Robert the Devil (horse)
|Robert the Devil|
Robert the Devil by Alfred F. de Prades
|Damsire||The Promised Land|
|Grand Prix de Paris (1880)|
St Leger (1880)
Cesarewitch Handicap (1880)
Champion Stakes (1880)
Alexandra Plate (1881)
Ascot Gold Cup (1881)
Robert the Devil (1877–1889) was a British Thoroughbred racehorse and sire. In a career that lasted from 1879 to 1881 he ran eleven times and won nine races. He was the leading three-year-old colt in Europe in 1880 when his wins included the Grand Prix de Paris in France and the St Leger and the Cesarewitch in England. He had a notable rivalry with the Duke of Westminster's colt Bend Or, winning three of their five racecourse meetings. Robert the Devil was regarded by contemporary observers as one of the greatest horses of the 19th century. He had limited success at stud and died in 1889.
Robert the Devil was a big, "slashing" bay horse standing 16.2 hands high,. He was by far the best horse sired by Bertram, a useful sprinter who won the King's Stand Stakes in 1872. Robert the Devil’s dam, Cast Off, had been barren for several years before being covered by Bertram and had been living semi-wild on the Cambridgeshire fens, near Soham. He was bred by Charles Brewer, a well-known bookmaker and was trained by Charles Blanton at Upper Station Road, Newmarket, Suffolk. Brewer sold a half share in the colt to Blanton, and the pair owned him in partnership, although Brewer was usually listed as his official owner.
1879: two-year-old season
Robert the Devil was unbeaten in two races as a two-year-old. His more significant win came on his debut at Goodwood in late July, when he beat Dora and Edelweiss in a Rous Memorial Stakes valued at £2,067 He did not reappear until the autumn when he won the £212 First October Stakes at Newmarket. He attracted enough attention to go into the winter break as a leading contender for the following year's Epsom Derby, being the 8/1 second favourite behind Bend Or.

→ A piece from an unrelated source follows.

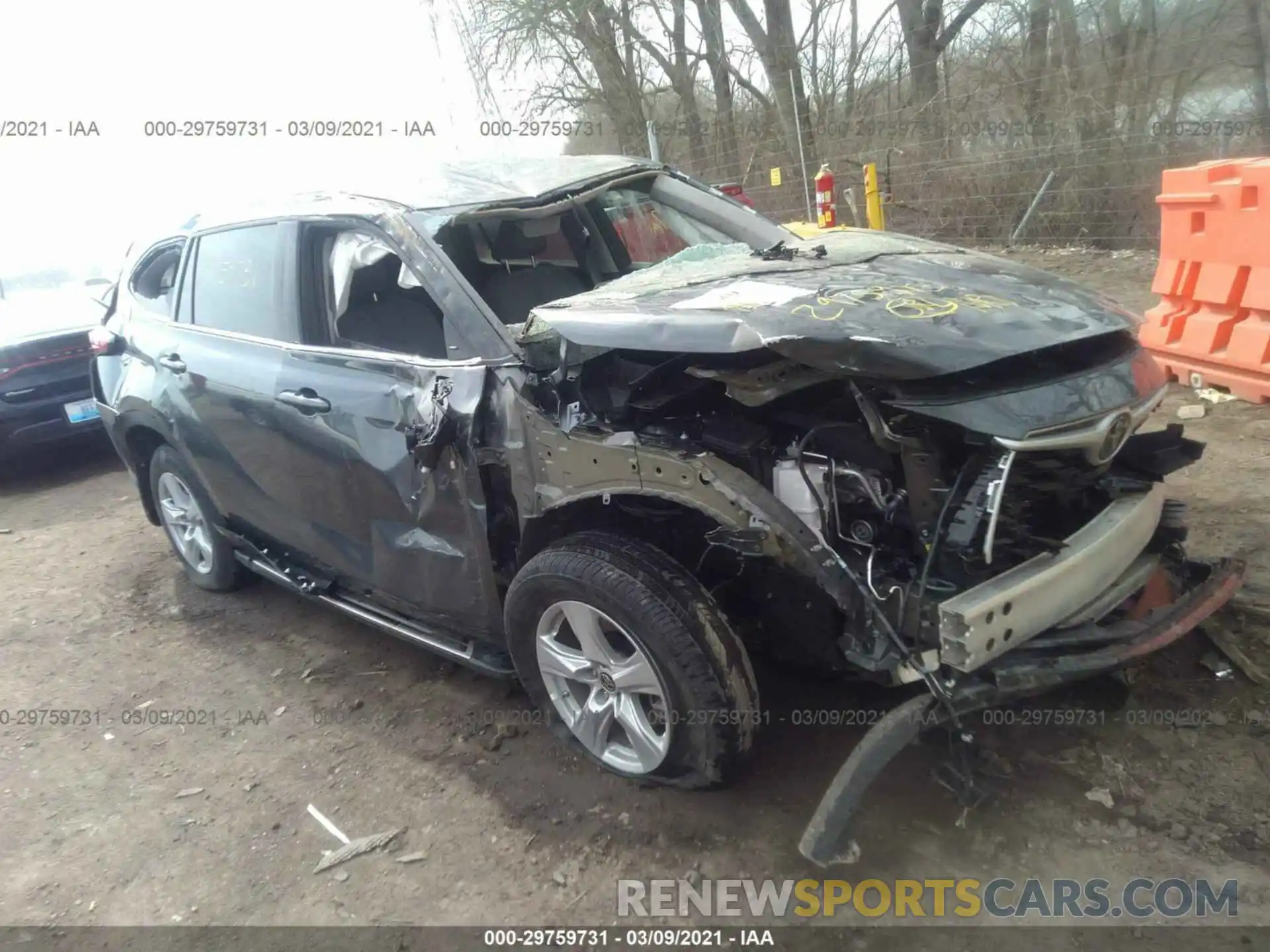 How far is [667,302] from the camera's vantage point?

1880: three-year-old season
Robert the Devil continued to attract support for the Derby, being a popular choice among professional gamblers and on 6 March his odds were reported as 100/15 (approximately 6.7-1). Robert the Devil made his first appearance of the season in a £575 Biennial Stakes at Newmarket on April 13 for which he started odds-on favourite against eight opponents. Ridden by Tom Cannon, he was beaten a head by Apollo, to whom he was conceding four pounds, after a "very exciting race" with the pair finishing well clear. The defeat caused his odds for the Derby to drift out to 100/8 (12.5-1).
In the Derby on 26 May he started at 7/1 in a field of nineteen, with Bend Or being made the 2-1 favourite. The race, which was run on very firm ground, attracted the customary huge crowd. Among those in attendance many MPs, as Parliament was adjourned for the day despite the fierce objections of one member, Sir Wilfrid Lawson, who denounced the sport as "rascality and roguery". After a delay caused by the crowd overflowing onto the racecourse, Robert the Devil broke quickly and was sent into the lead by his jockey, Rossiter, with a mile to travel. He led the field down the hill and into the straight as several challengers emerged and then dropped away, and entering the final furlong he had a commanding lead and looked the likely winner. Fred Archer on Bend Or however, had been making gradual progress and sent his colt up to join the leader in the closing strages. Robert the Devil responded with a "brilliant effort", but at the line the favourite prevailed by a head after a "magnificent" finish. It was widely agreed that the riding of Archer on the winner was the main difference between the colts.
Following the race, "much excitement" was caused when an objection was lodged against the winner on the grounds that he was “not the horse he was represented to be” and that all his race entries were therefore not valid. This resulted from rumours that Bend Or had been accidentally switched with another colt named "Tadcaster" as a yearling at the Duke of Westminster's stud. The affair was described as the biggest scandal in racing since the "Running Rein" affair of 1844, when a four-year-old had been illegally entered in the Derby. The objection was rejected after a ten-day private hearing.
Shortly after his defeat at Epsom, Robert was sent to France for the 3000m Grand Prix de Paris, the most valuable race run in continental Europe. At Longchamp on 6 June he started 4/6 favourite against eight French colts for the £4,000 race. Rossiter tracked the leaders and turned into the straight in fifth place before accelerating smoothly past his rivals and winning very easily by a length from Le Destrier with Milan third. Robert the Devil's owners donated £200 from their winnings to the poor of Paris. Robert the Devil was then sent to Newmarket in July for the Midsummer Stakes in which for which he started 4/11 favourite. The filly Cipolata (receiving eleven pounds) was allowed to establish a clear lead before accelerating inside the last quarter mile and although Robert the Devil reduced the margin in the closing stages, he was still half a length behind at the finish.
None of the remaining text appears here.